Identity theft cost consumers and businesses $53 billion last year, the Federal Trade Commission said last week, with almost 10 million Americans falling victim to thieves using their name and other personal information, such as a Social Security number or bank and credit card numbers, to establish credit or buy products.
"This bill will give consumers the weapons they need to fight identity thieves and the tools to repair their credit history after an attack," said House Financial Services Chairman Michael Oxley, R-Ohio.
Under the legislation, all consumers would have the right to a free copy of their credit report annually upon request. Only six states -- Colorado, Georgia, Maryland, Massachusetts, New Jersey and Vermont -- now require the nation's three major credit bureaus -- Equifax Inc., Experian Information Solutions Inc. and Trans Union -- to give consumers free credit reports every year.
The bill also gives consumers "one-call-for-all" protection by requiring credit bureaus to share consumer calls on identity theft, including requested fraud alert blocking.
"This legislation not only empowers consumers with protections, it also demands creditors and credit bureaus do their part to combat fraud," said Rep. Darlene Hooley, D-Ore.
With both Democratic and Republican support -- it passed the House Financial Services Committee on a 61-3 vote -- the legislation is expected to pass the House overwhelmingly.
The White House also supports the legislation. "The bill removes the sunsets from the Fair Credit Reporting Act and includes many of the administration's proposed consumer protections, including new tools to help fight identity theft," White House officials said in a statement.

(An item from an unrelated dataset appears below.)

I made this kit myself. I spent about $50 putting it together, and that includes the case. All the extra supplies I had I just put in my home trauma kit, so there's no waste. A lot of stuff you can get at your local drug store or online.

The Senate has yet to consider similar legislation, but the Senate Banking Committee is expected to start moving on similar legislation soon.
Congress must address the Fair Credit Reporting Act this year because the 1996 provisions that instituted uniform reporting requirements are due to expire at the end of 2003.

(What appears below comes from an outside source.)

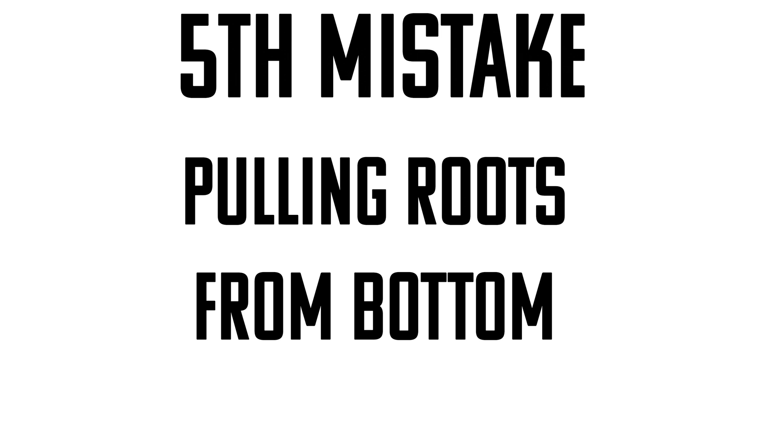Number five — this one is crazy to me that people do this, and that the tower garden company even recommends it. The fifth mistake I see people make is they pull the roots when they get to the nutrient chamber. A lot of people do this because they're afraid the roots are going to get sucked into the pump. If your plants are way too big and completely filling up the nutrient chamber, then maybe it's just time to replant and move those into something different, like their own individual deep water cultures. I don't recommend ripping the roots off once they reach the nutrient chamber.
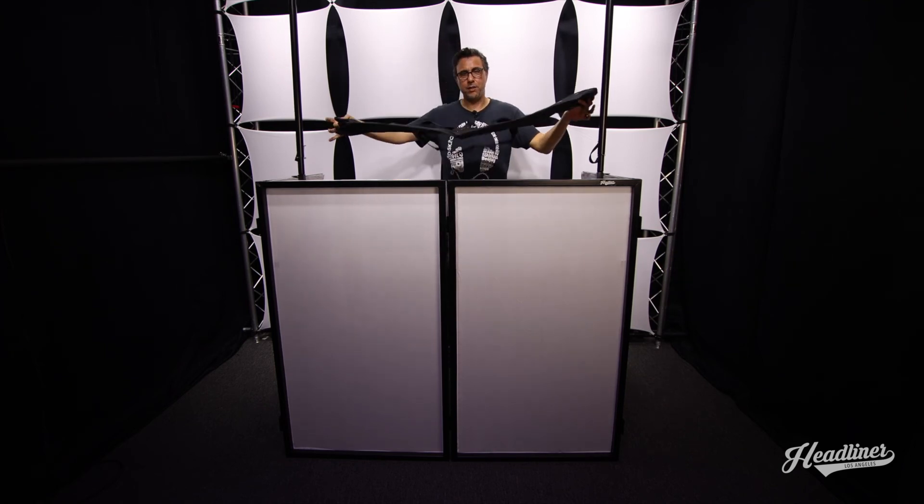The gig's over, it's time to pack up. We've included a set of carry bags with the Ventura DJ booth. The first bag is for the lighting bar and all the poles, and the second bag is for the facade.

"The national uniform credit reporting system has lowered costs and increased choice and convenience for American consumers," said Rep. Spencer Bachus, R-Ala. "Much like the national interstate highway system allows for quick and easy travel across state lines, a national uniform credit reporting system allows for consumers to receive credit in a cost-effective and timely fashion."
However, several consumer groups have come out against the legislation, which would pre-empt tougher state legislation on the sharing of personal data. For example, California just passed a law allowing California consumers to block banks, insurance companies and other institutions from sharing their personal information.
"We believe that all Americans deserve the same protections," said a coalition of consumer and privacy groups including Consumers Union, U.S. Public Interest Research Group, Consumer Action and the NAACP in a letter sent Tuesday to Congress. "At the very least, stronger state financial privacy giving citizens the right to choose whether their banks share or sell confidential financial information should not be pre-empted."
"I'm sorry I have to vote against the bill but I have to protect California," said Rep. Maxine Waters, D-Calif.